> Task item
Leave out the pictures and repeat exactly the lines from the one containing "Baseball Typography Word" through the end of the records.

Records shown Start Marker

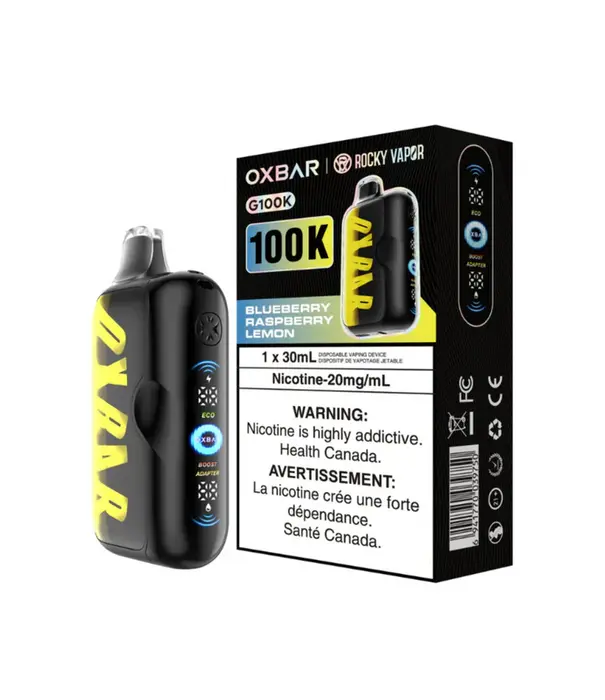 Ox Bar Blueberry Raspberry Lemon Rocky Vapor OxBar G100k Rechargeable Disposable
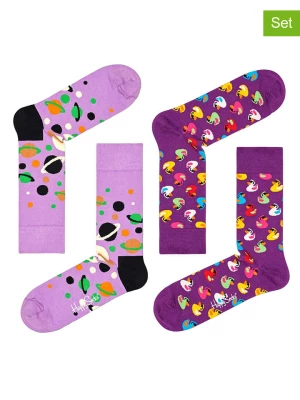 Happy Socks Skarpety (2 pary) w kolorze fioletowym rozmiar: 36-40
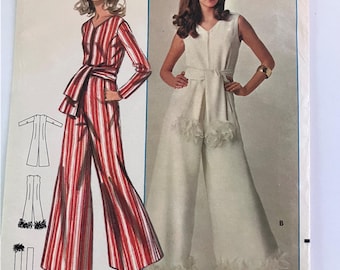 Patrón de costura vintage Butterick 4914 de los años 60 para mono y fajín con ribete de plumas, talla 12 UC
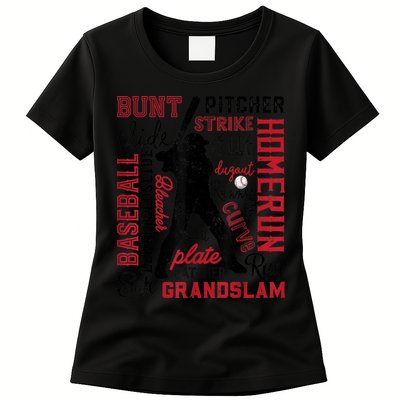 Baseball Typography Word Art Boys Vintage Player Batter Womens T-Shirt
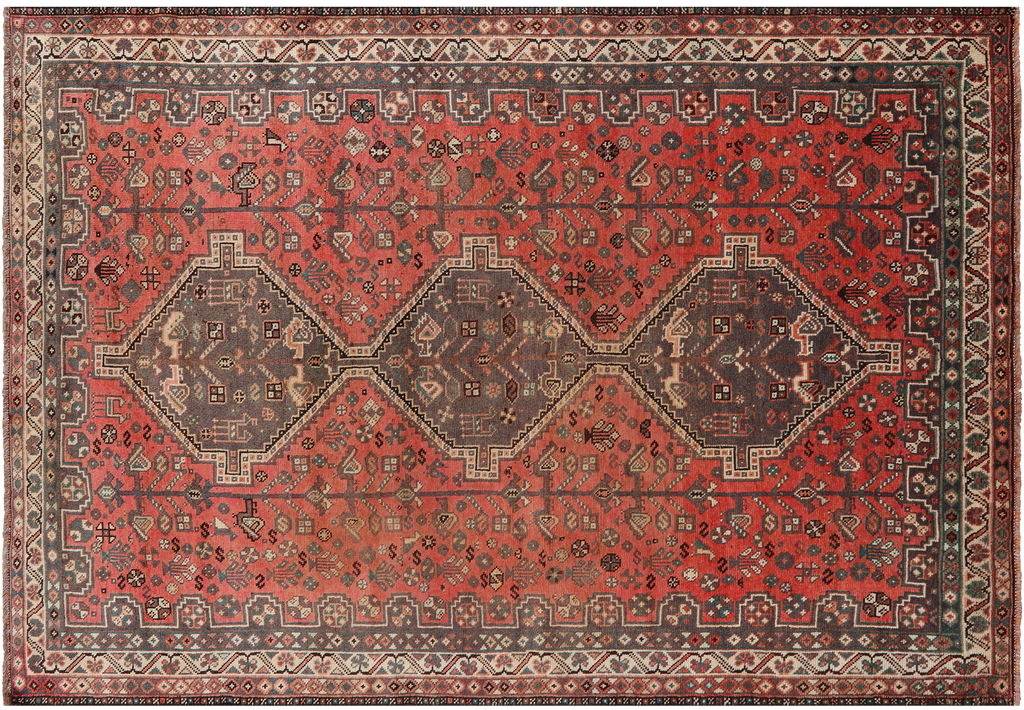 Rust 5' 3" X 7' 11" Vintage Persian Hand Knotted Wool Rug - Q25190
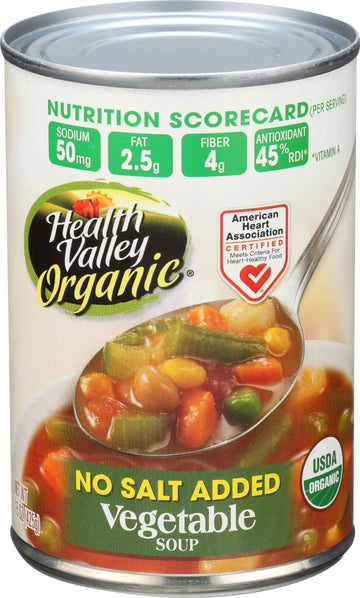 Health Valley Organic No Salt Added Soup Vegetable 15 Ounce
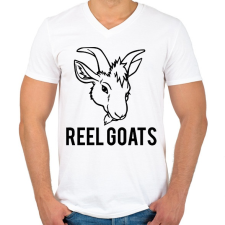 PRINTFASHION Reel Goats - Férfi V-nyakú póló - Fehér férfi póló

Records shown End Marker

> Answer to this problem
 Baseball Typography Word Art Boys Vintage Player Batter Womens T-Shirt
 Rust 5' 3" X 7' 11" Vintage Persian Hand Knotted Wool Rug - Q25190
 Health Valley Organic No Salt Added Soup Vegetable 15 Ounce
 PRINTFASHION Reel Goats - Férfi V-nyakú póló - Fehér férfi póló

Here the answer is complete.